Q: I need more energy—I feel like I'm dragging during the day. Can a diet change increase my energy?
A: Yes, definitely. But before we look at how food choices can help, let's cover a few equally important basics: First, are you sleeping enough? Look at any 5-year-old. Children have energy to burn, and it's not from coffee or energy drinks. It comes from the fact that they go to bed early and sleep for 10 hours or more every night. High energy is the natural state of a well-rested person. So make a rule: Lights out by 10 p.m. Stick with it, and you'll see the difference.
Second, are you exercising enough? Sedentary living is a vicious cycle. If you're sedentary, your muscles and heart lose their ability to handle exercise. The resulting lack of energy means you'll tend to stay inactive. To break out of that cycle, start with a brisk walk for 30 minutes a day or an hour three times a week (see your doctor first, to make sure your heart and joints are up for it), and gradually increase the intensity and duration of your exercise sessions.
Third, sometimes there is a medical cause for a loss of energy. Your health care provider can check for anemia, thyroid problems, depression, or other contributors. Whether you follow a vegan diet or not, you should take a vitamin B12 supplement.
Q: OK, what about food?
A: What keeps your muscles revved up are molecules of glycogen. If you were to view glycogen under a powerful microscope, it would look like a long, branching string of beads. Each "bead" is a molecule of glucose, or simple sugar. Marathoners eat lots of rice, bread, pasta, and other starchy foods, because when starches are digested, they release glucose that the body stores in the muscles and liver, like extra batteries.
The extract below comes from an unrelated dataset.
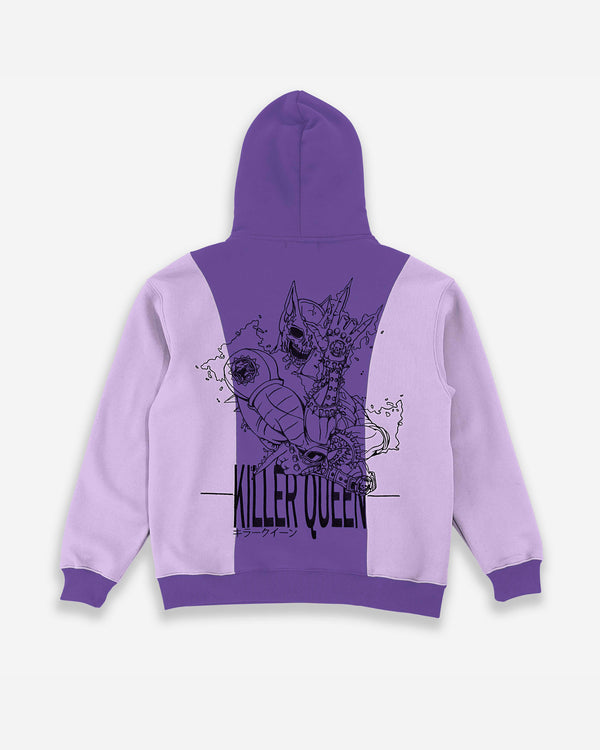 Killer Queen Hoodie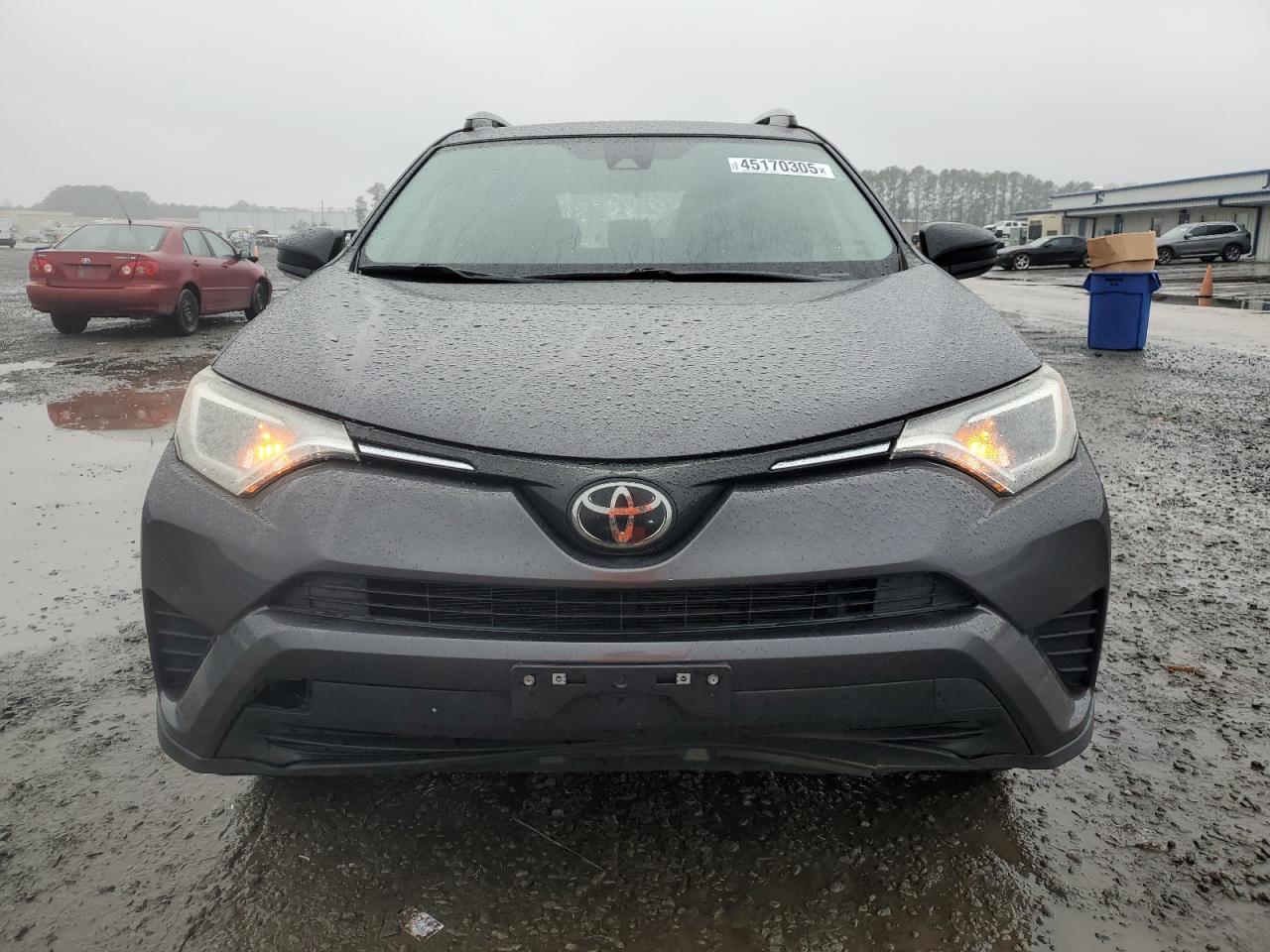 2018 Toyota RAV 4 - Image 5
My two favorite endurance athletes are Brendan Brazier and Scott Jurek. Most people would be proud to have run a marathon. Brazier leads the pack in Ironman triathlons and 50-kilometer ultramarathons, and is as particular about food as a Formula One driver is about racing fuel. Brazier's diet is loaded with healthful carbohydrates. Early in his racing career, Brazier found that animal products slowed his recovery after exercise. His energy returns quickly with a totally vegan diet, and he is ready to compete again. And perhaps no one has more energy than Scott Jurek. In 1999, Jurek entered the 100-mile Western States Endurance Run. He and 334 other runners set off running, and not only did Scott win that racehe won the race every year for the next six years, setting the course record in 2004 at 15:36:27. Like Brendan, Scott leaves the pepperoni pizza, sausage omelets, and all other animal products off the menu, sticking to a high-carb, vegan menu.
Q: But not all carbohydrates are the same, are they?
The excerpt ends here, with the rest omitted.